Task prompt:
Only the pictures are to be dropped, and the rest of the data should be copied exactly.

(Scraped caption text data)
*-*-*

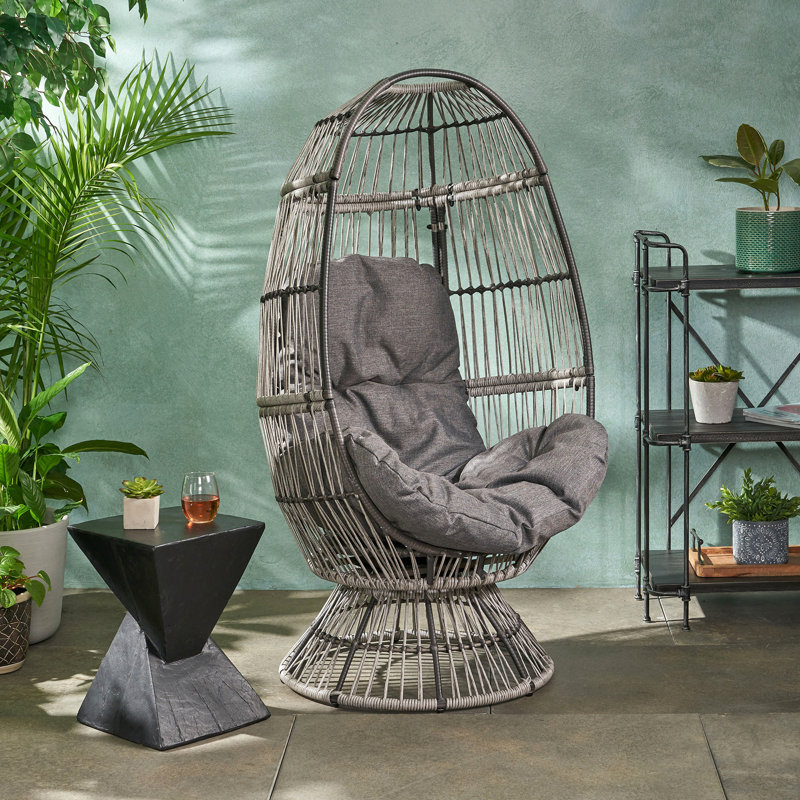 FAUTEUIL PIVOTANT RESEDA, Taupe, Gris
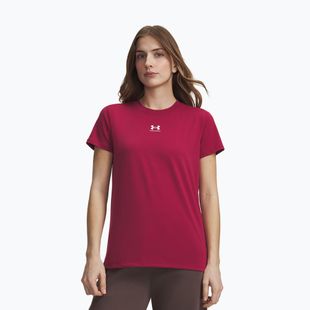 Футболка жіноча Under Armour Rival Core claret/white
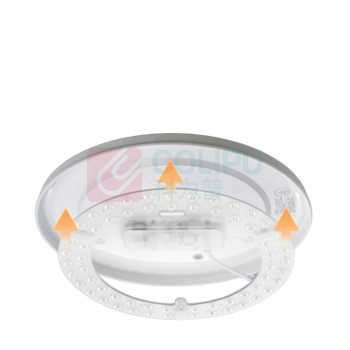 佛山照明 led灯灯芯灯盘光源模组改造灯板替换灯芯 12㎡内适用 18W (暖白光)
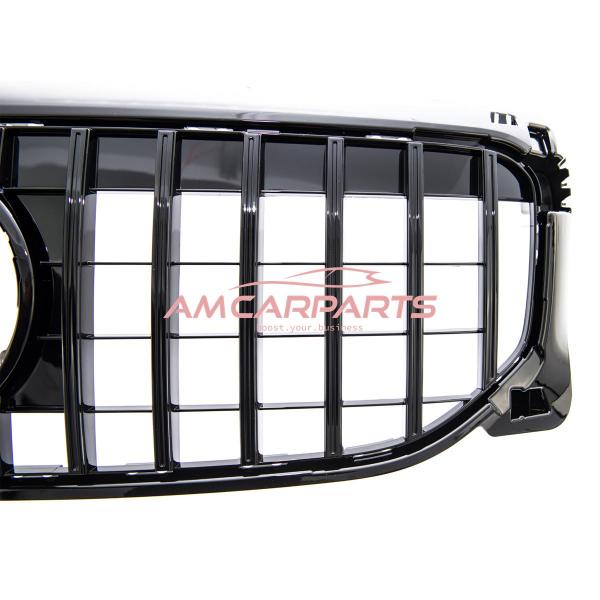 Upgrade Design Kühlergrill / Sportgrill für Mercedes GLB (X247) 19+ Hochglanz schwarz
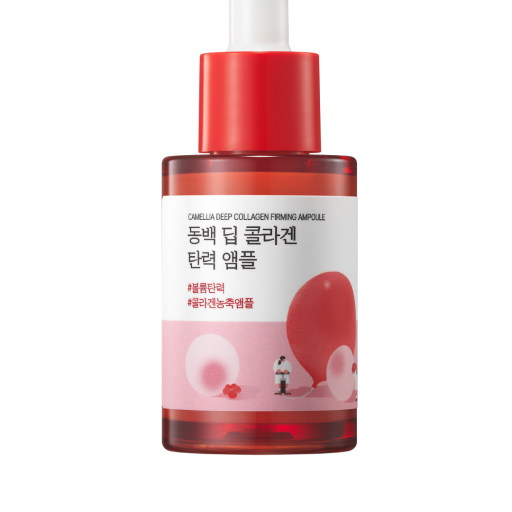 Концентрированная сыворотка с коллагеном ROUND LAB Camellia Deep Collagen Firming Ampoule 30 мл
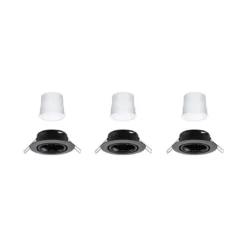 Paulmann 92465 Zigbee LED Einbauleuchte Base Coin Basisset Schwarz matt 3000K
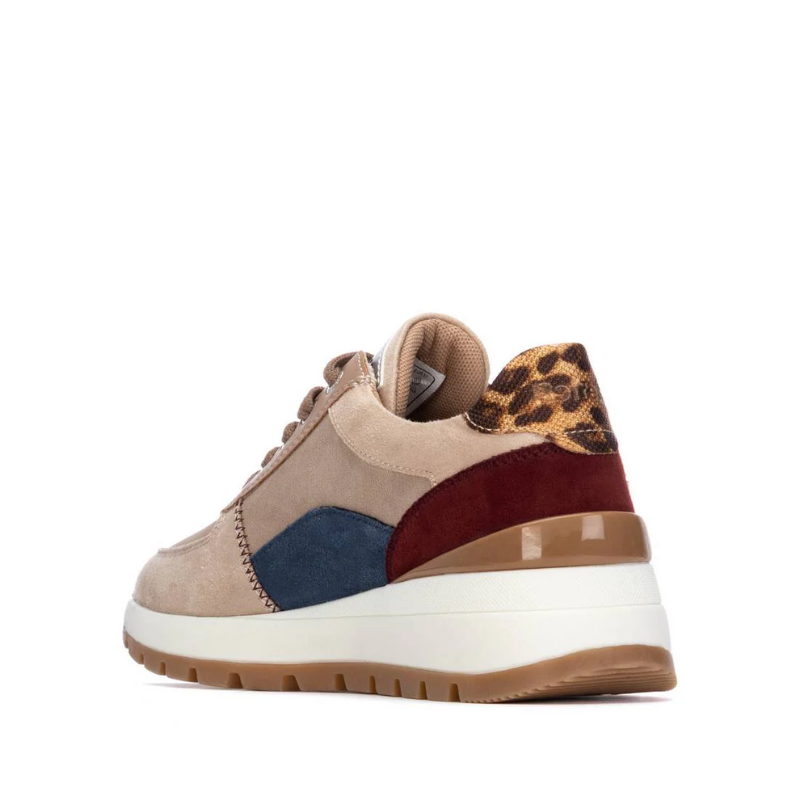 SNEAKER CREMALLERA PIEZAS BEIGE 173243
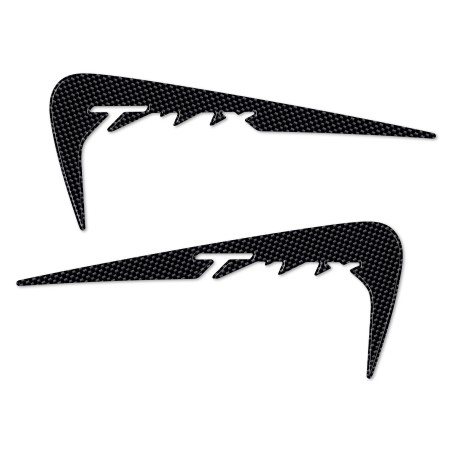 2 3D ADHESIVE-STICKERS 3D Parachoques Pegatinas compatibles para T MAX YAMAHA TMAX 2008-2011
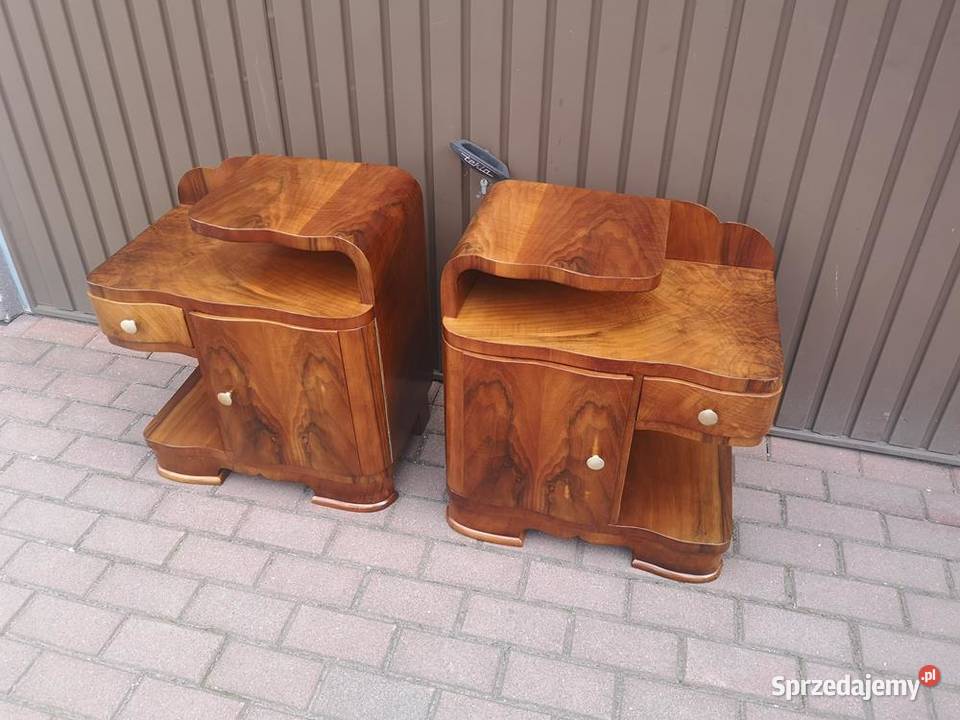 Stoliki Szafki Nocne Art Deco Orzech Stare Antyk Meble Swarzędz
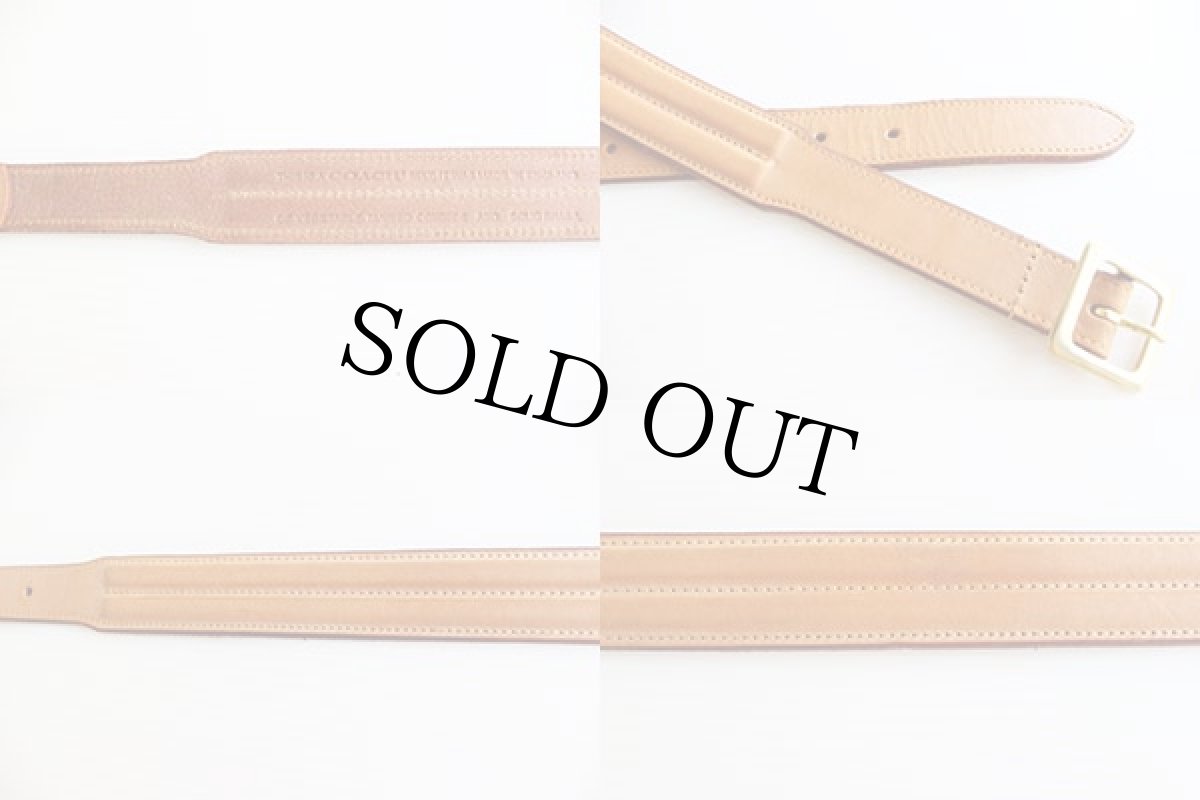 画像3: 英国製 COACHコーチ カウハイド レザーベルト サドル M★367 (3)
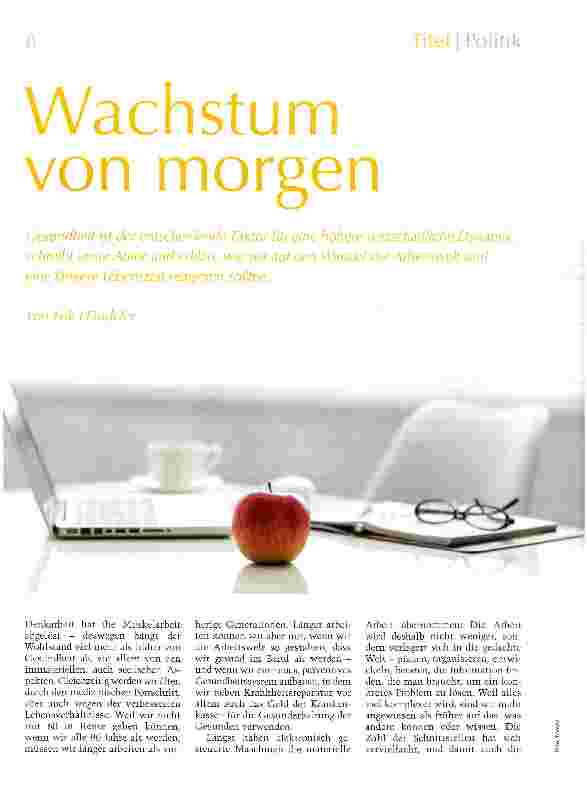 Vorschauseite 1: Wachstum von morgen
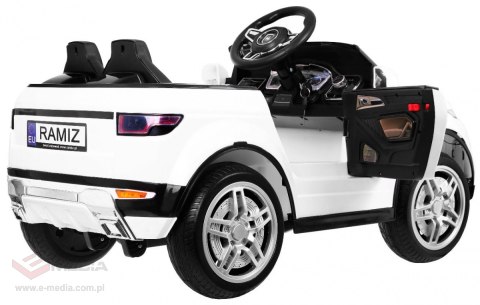 Autko Rapid Racer elektryczne dla dzieci, Biały SUV + Pilot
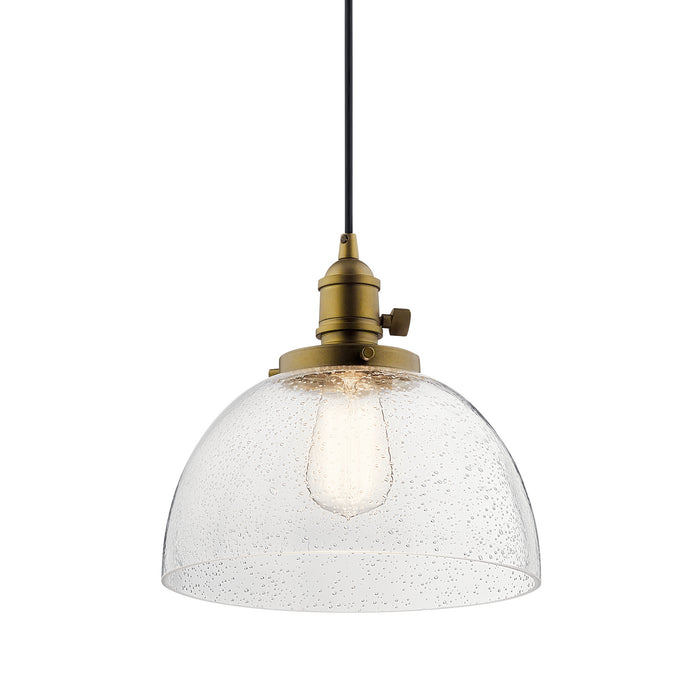 Myhouse Lighting Kichler - 43853NBR - One Light Mini Pendant - Avery - Natural Brass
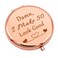 50th Birthday Gifts for Women 50 Years Old Birthday Gifts Ideas Rose Gold Compact Mirror for Mom Wife Aunt Turning 50 Gifts Women Folding Makeup Mirror for Friend Sister Women's 50th Birthday Gifts
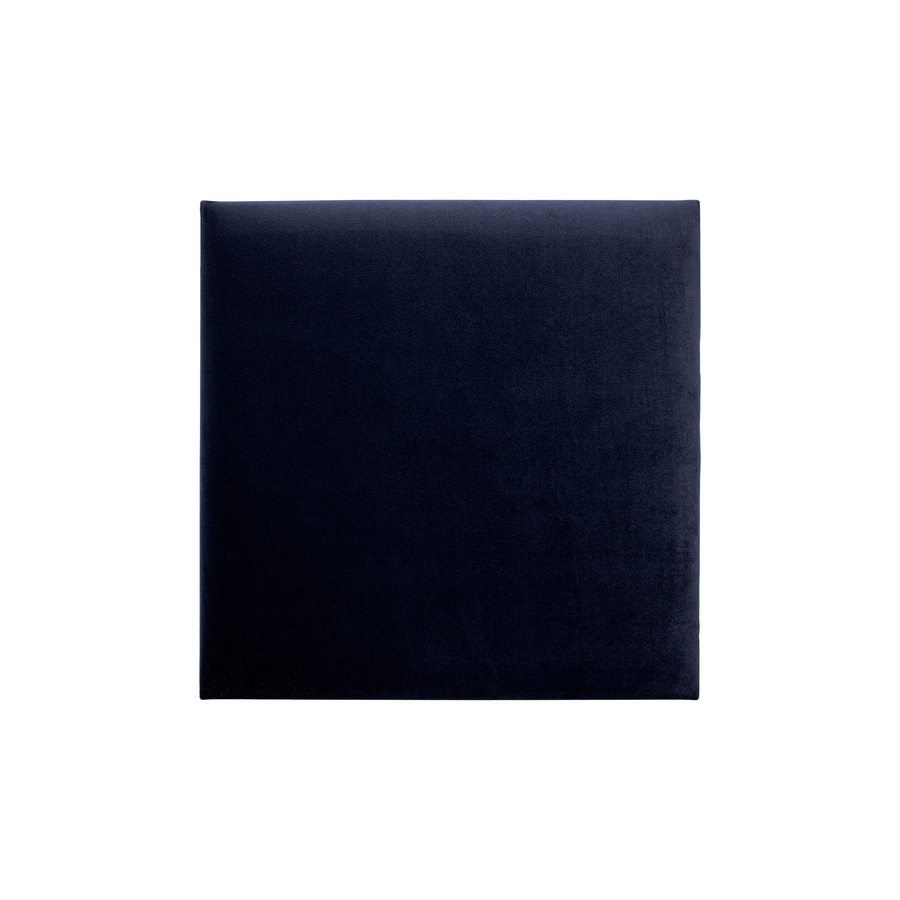 The Decorators: Panou tapitat Regular 3 Villo Soform Catifea bleumarin 60/60 cm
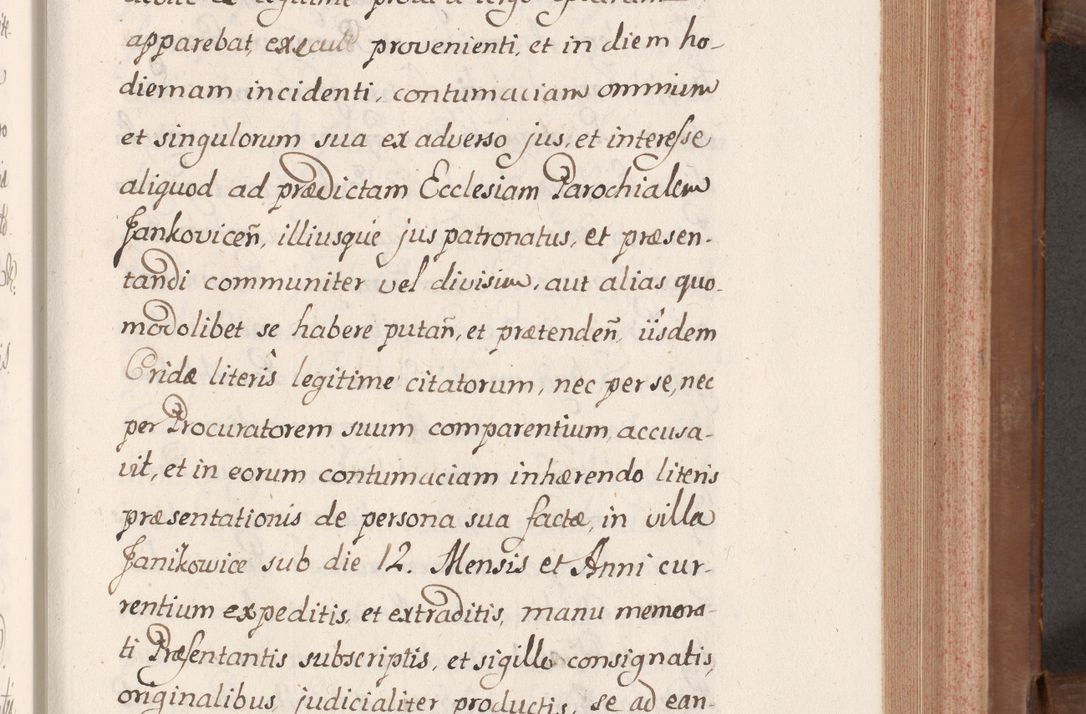 Zdjęcie nr 206 dla obiektu archiwalnego: Volumen VII actorum episcopalium Joannis Małachowski, episcopi Cracoviensis, ducis Severiae de anno 1694 - 1696, quorum index ad finem videatur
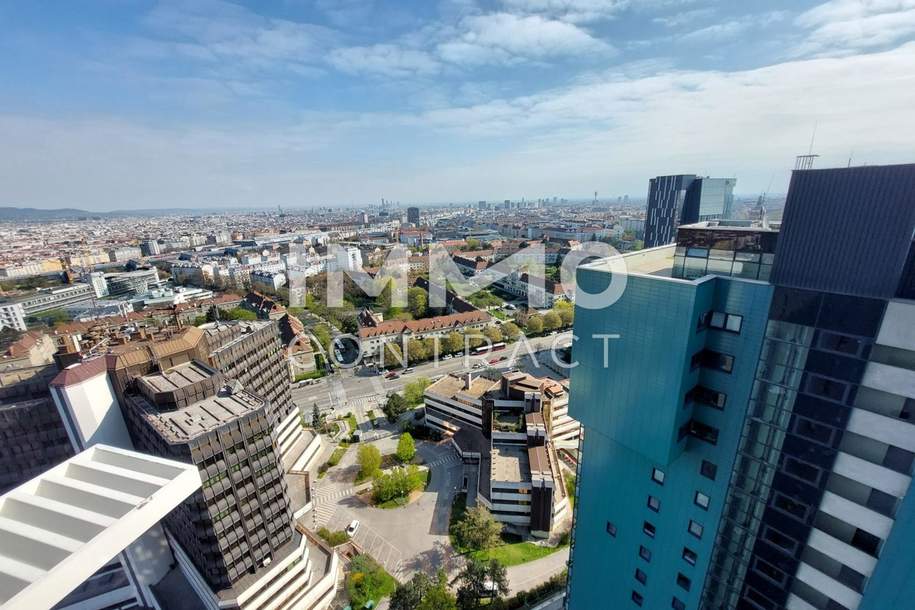 Traumhafte Aussicht vom 29.Stock von Ihrer Loggia am Wienerberg, Wohnung-kauf, 590.000,€, 1100 Wien 10., Favoriten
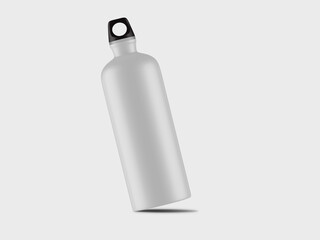 3d Steel Water Bottle Mockup, Water bottle mockup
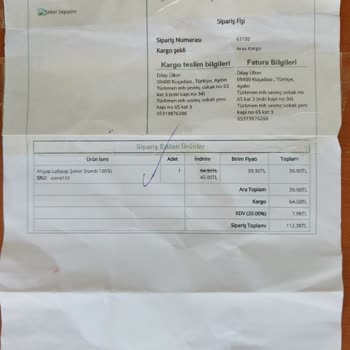 Şeker Sepetim Eksik/ Kalitesiz Ürün Ve Saygısız Üslup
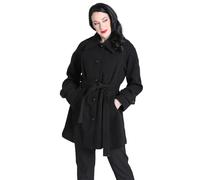 Hell Bunny Juliette Coat Frauen Mantel schwarz XL 90% Polyester, 8% Viskose, 2% Elasthan Gothic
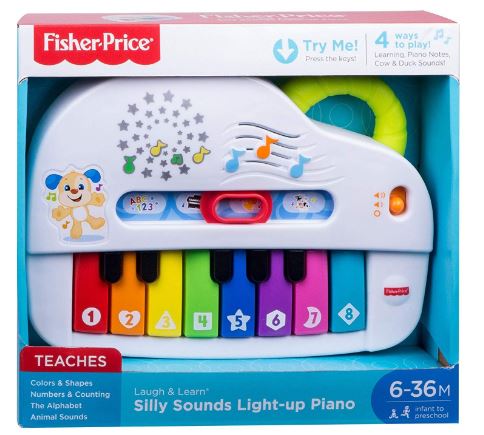 FISHER PRICE LAUGH AND LEARN - SILLY SOUNDS LIGHT UP PIANO - Toyworld Frankston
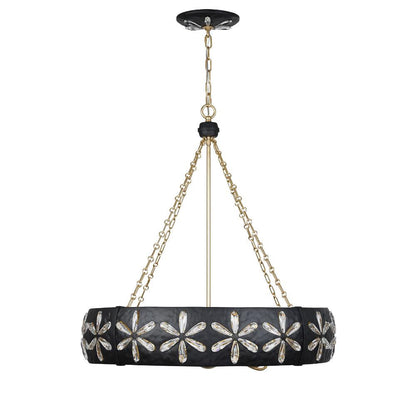 Savoy House Venice 6-Light Chandelier in Metropolis Black and Gold by Breegan Jane 1-2493-6-104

*-*-*

Output for this task:
 FAUTEUIL PIVOTANT RESEDA, Taupe, Gris
 Футболка жіноча Under Armour Rival Core claret/white
 佛山照明 led灯灯芯灯盘光源模组改造灯板替换灯芯 12㎡内适用 18W (暖白光)
 Upgrade Design Kühlergrill / Sportgrill für Mercedes GLB (X247) 19+ Hochglanz schwarz
 Концентрированная сыворотка с коллагеном ROUND LAB Camellia Deep Collagen Firming Ampoule 30 мл
 Paulmann 92465 Zigbee LED Einbauleuchte Base Coin Basisset Schwarz matt 3000K
 SNEAKER CREMALLERA PIEZAS BEIGE 173243
 2 3D ADHESIVE-STICKERS 3D Parachoques Pegatinas compatibles para T MAX YAMAHA TMAX 2008-2011
 Stoliki Szafki Nocne Art Deco Orzech Stare Antyk Meble Swarzędz
 画像3: 英国製 COACHコーチ カウハイド レザーベルト サドル M★367 (3)
 Vorschauseite 1: Wachstum von morgen
 Autko Rapid Racer elektryczne dla dzieci, Biały SUV + Pilot
 Myhouse Lighting Kichler - 43853NBR - One Light Mini Pendant - Avery - Natural Brass
 50th Birthday Gifts for Women 50 Years Old Birthday Gifts Ideas Rose Gold Compact Mirror for Mom Wife Aunt Turning 50 Gifts Women Folding Makeup Mirror for Friend Sister Women's 50th Birthday Gifts
 The Decorators: Panou tapitat Regular 3 Villo Soform Catifea bleumarin 60/60 cm
 Zdjęcie nr 206 dla obiektu archiwalnego: Volumen VII actorum episcopalium Joannis Małachowski, episcopi Cracoviensis, ducis Severiae de anno 1694 - 1696, quorum index ad finem videatur
 Traumhafte Aussicht vom 29.Stock von Ihrer Loggia am Wienerberg, Wohnung-kauf, 590.000,€, 1100 Wien 10., Favoriten
 3d Steel Water Bottle Mockup, Water bottle mockup
 Şeker Sepetim Eksik/ Kalitesiz Ürün Ve Saygısız Üslup
 Hell Bunny Juliette Coat Frauen Mantel schwarz XL 90% Polyester, 8% Viskose, 2% Elasthan Gothic
 FISHER PRICE LAUGH AND LEARN - SILLY SOUNDS LIGHT UP PIANO - Toyworld Frankston
 Savoy House Venice 6-Light Chandelier in Metropolis Black and Gold by Breegan Jane 1-2493-6-104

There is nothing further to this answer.